Trying another approach
- QUESTION 2: How many significant hits does BLAST find (E-value < 0.005)? (Tip: you can see the number by selecting all significant hits (clicking All under Sequences producing significant alignments with E-value BETTER than threshold) and then looking at the number of selected hits)
- QUESTION 3: How large a fraction (Query coverage) of the query sequence do the significant hits match (excluding the identical match)?
- QUESTION 4: Do you find any PDB hits among the significant hits? (Tip: look for a PDB identifier in the Accession column — a PDB identifier is a 4 character code, where the first character is a number, followed by a single letter chain name, such as "1XYZ_A")
Constructing the PSSM
Now run a second BLAST iteration in order to construct a PSSM (Position-Specific Scoring Matrix). Press the Go button at Run PSI-Blast iteration 2.

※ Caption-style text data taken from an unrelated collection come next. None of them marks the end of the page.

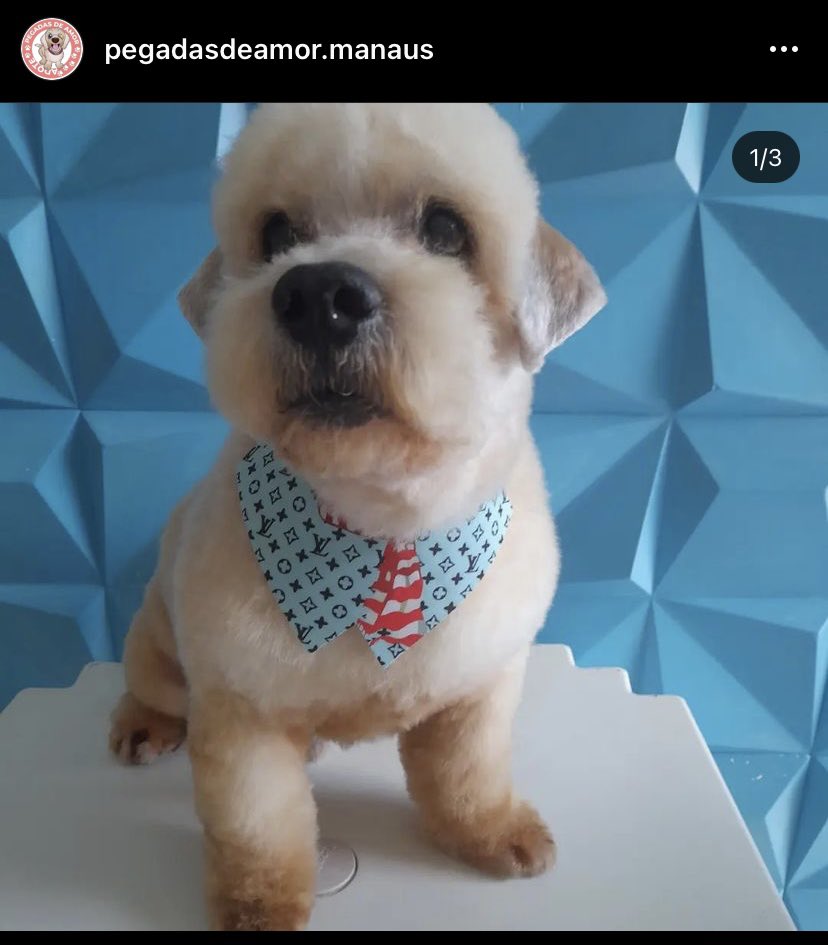 luizasuman's tweet photo. Gente a ong Pegadas de Amor daqui de MANAUS faz um trabalho lindo e está com mts dogs lindos pra adoção lá no CSU, mas não estao conseguindo adocoes pra eles😢😢😢😢 Aqui alguns dos bebês. 

RT pra divulgar! 

insta deles : @ pegadasdeamor.manaus https://t.co/1Q27kOtVB8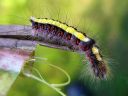 Acronicta_psi_larva_nuoliyokkonen_toukka_IMG_9443.jpg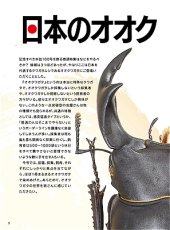 画像2: BE-KUWA No.100 (2)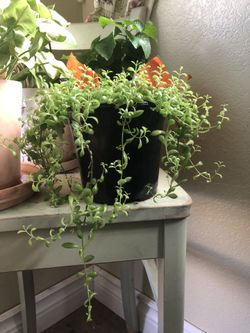 Hanging succulent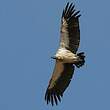 Vautour africain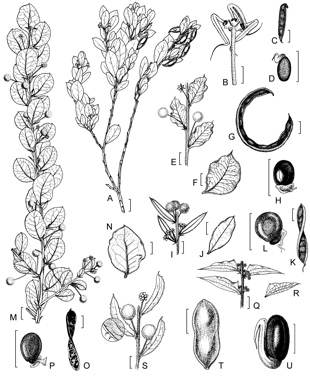 APII jpeg image of Acacia pygmaea,<br/>Acacia scalpelliformis,<br/>Acacia obovata,<br/>Acacia durabilis,<br/>Acacia nervosa,<br/>Acacia hispidula  © contact APII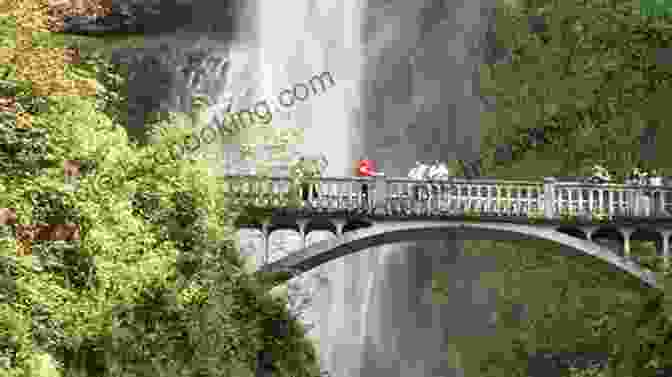 A Woman Standing On A Bridge Overlooking A Waterfall In Northern California Forbidden Falls (Virgin River 9)
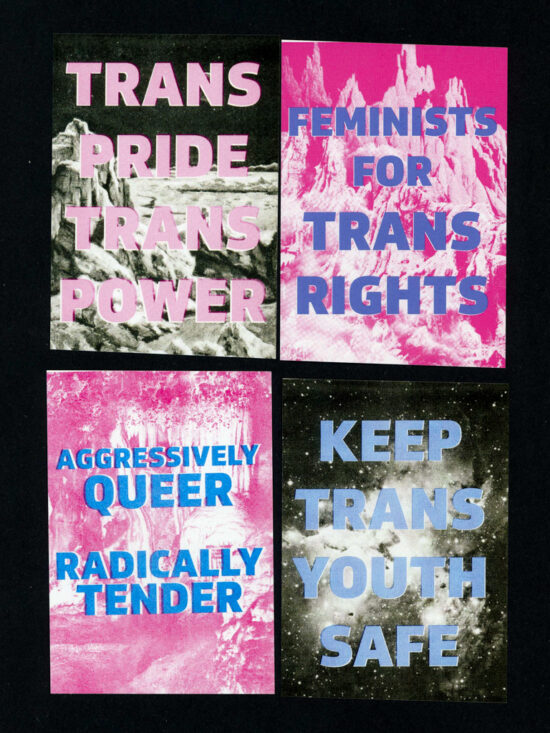 Queer & Trans Rights stickers (packs available)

- QUESTION 5: How many significant hits does BLAST find (E-value < 0.005)?
- QUESTION 6: How large a fraction of the query sequence do the 20 most significant hits match (do not include the first hit since this is identical to the query)?
- QUESTION 7: Why does BLAST come up with more significant hits in the second iteration? Make sure you answer this question and understand what is going on!
Saving and reusing the PSSM
This time, we will not ask you to look for PDB identifiers manually among the significant hits. Instead, you should save the PSSM that PSI-BLAST has created and use it for searching PDB directly.
Go to the top of the PSI-BLAST output page and click Download, then click ASN.1 under "PssmWithParameters". Save the file to a place on your computer where you can find it again! You can take a look at this file using jEdit, but it is really not meant to be human-readable.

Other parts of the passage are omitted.